Sample Is Feature: Beyond Item-Level, Toward Sample-Level Tokens for Unified Large Recommender Models
New architecture encodes entire user interactions as single tokens, improving industrial recommender systems by 15%.
A team of researchers from Meituan has introduced a novel architecture called SIF (Sample Is Feature) that fundamentally changes how large-scale industrial recommender systems process user data. Current systems face two key limitations: they only encode a subset of each historical interaction into sequence tokens, leaving valuable context unexploited, and they struggle with structural heterogeneity between sequential and non-sequential features. SIF addresses both issues by encoding entire historical raw samples directly into sequence tokens, maximizing information preservation while creating homogeneous representations that the model can process more effectively.
The SIF architecture consists of two core components.

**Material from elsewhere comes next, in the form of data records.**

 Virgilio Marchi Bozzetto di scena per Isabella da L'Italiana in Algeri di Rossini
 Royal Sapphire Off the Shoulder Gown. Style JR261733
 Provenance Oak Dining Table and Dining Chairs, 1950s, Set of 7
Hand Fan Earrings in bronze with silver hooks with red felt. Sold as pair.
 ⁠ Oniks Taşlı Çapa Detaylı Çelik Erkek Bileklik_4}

First, the Sample Tokenizer uses hierarchical group-adaptive quantization (HGAQ) to convert each historical raw sample into a compact token sample, enabling full sample-level context to be efficiently incorporated into sequences. Second, the SIF-Mixer performs deep feature interaction over these homogeneous sample representations through both token-level and sample-level mixing operations. This approach fully unleashes the model's representational capacity that was previously constrained by structural limitations.
Extensive experiments on large-scale industrial datasets have validated SIF's effectiveness, demonstrating significant improvements over traditional approaches. The researchers have already successfully deployed SIF on Meituan's massive food delivery platform, where it processes millions of user interactions daily. This deployment represents a practical implementation of the theoretical advances, showing how sample-level token encoding can enhance real-world recommendation systems that serve millions of users.

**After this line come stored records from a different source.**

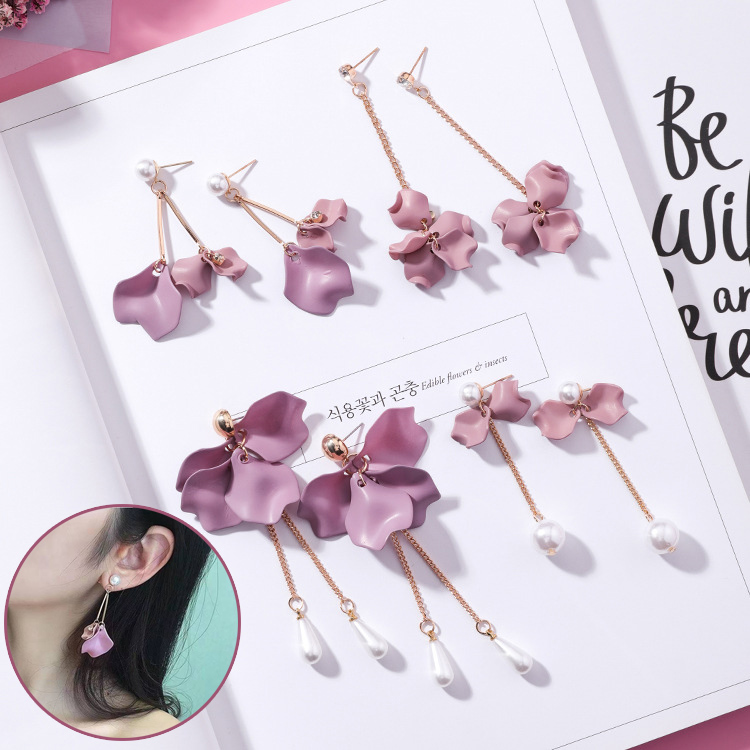 Anting Wanita Anting Bunga Dusty Pink Rumbai Mutiara Permata Aksesoris Fashion Earrings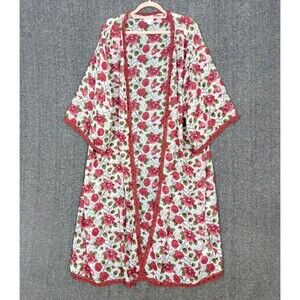 Lularoe Kimono Top Womens XL White Red Pink Floral Sheer Flowy Beach Cottagecore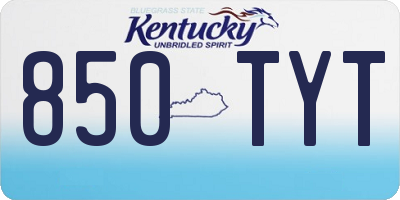 KY license plate 850TYT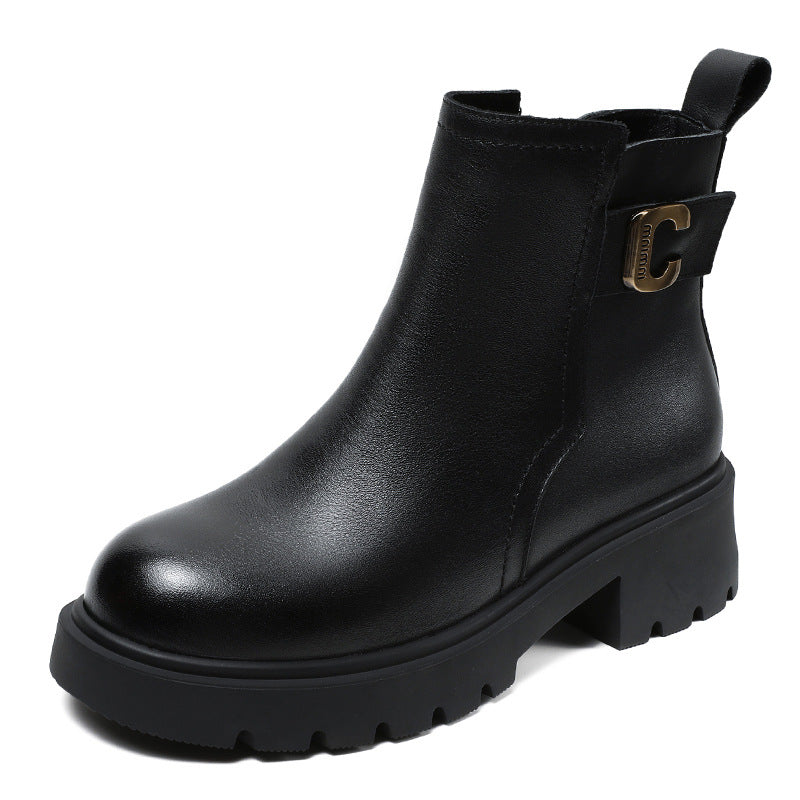 Women Classic Stylish Leather Lug Sole Boots Newgew Shoes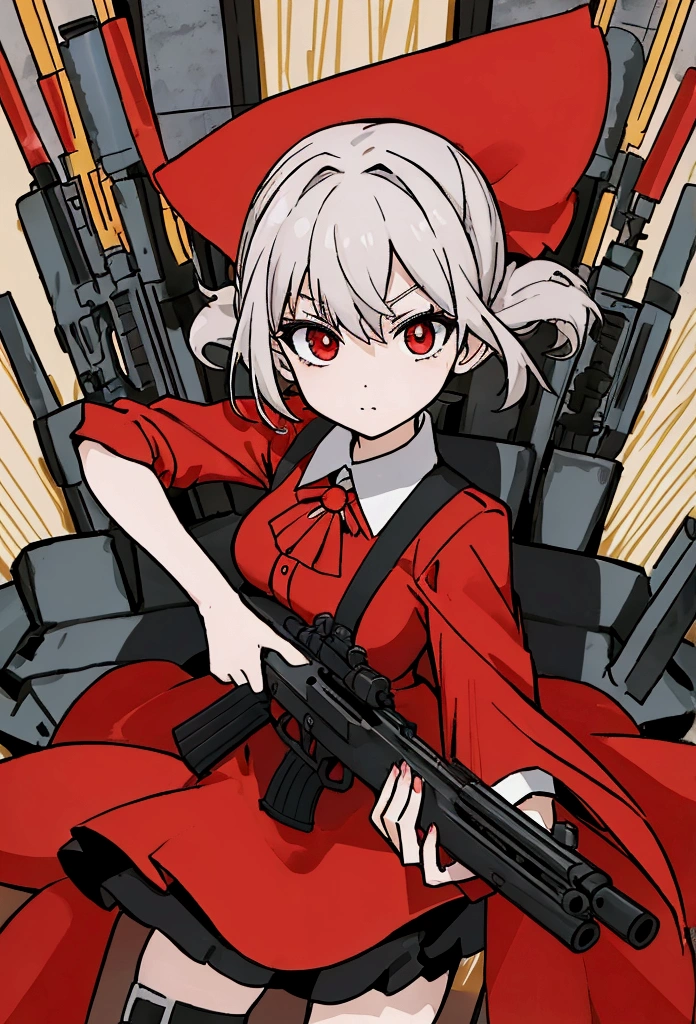 A woman with red dress holding a gun and pointing it at the camera, with pistol, anime shot, anime machine gun fire, with a gun, female action anime girl, gapmoe yandere, shooting pose, holding gun, holding a pistol, trigger anime artstyle, holding a gun, dramatic wielding gun pose, brandishing a gun, vector style, chibi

- Encodes entire historical user interactions as single tokens using hierarchical group-adaptive quantization (HGAQ)
- Resolves structural heterogeneity between sequential and non-sequential features in recommender systems
- Successfully deployed on Meituan's food delivery platform with demonstrated performance improvements
Why It Matters
Improves recommendation accuracy for millions of users on major platforms like Meituan, enhancing user experience and engagement.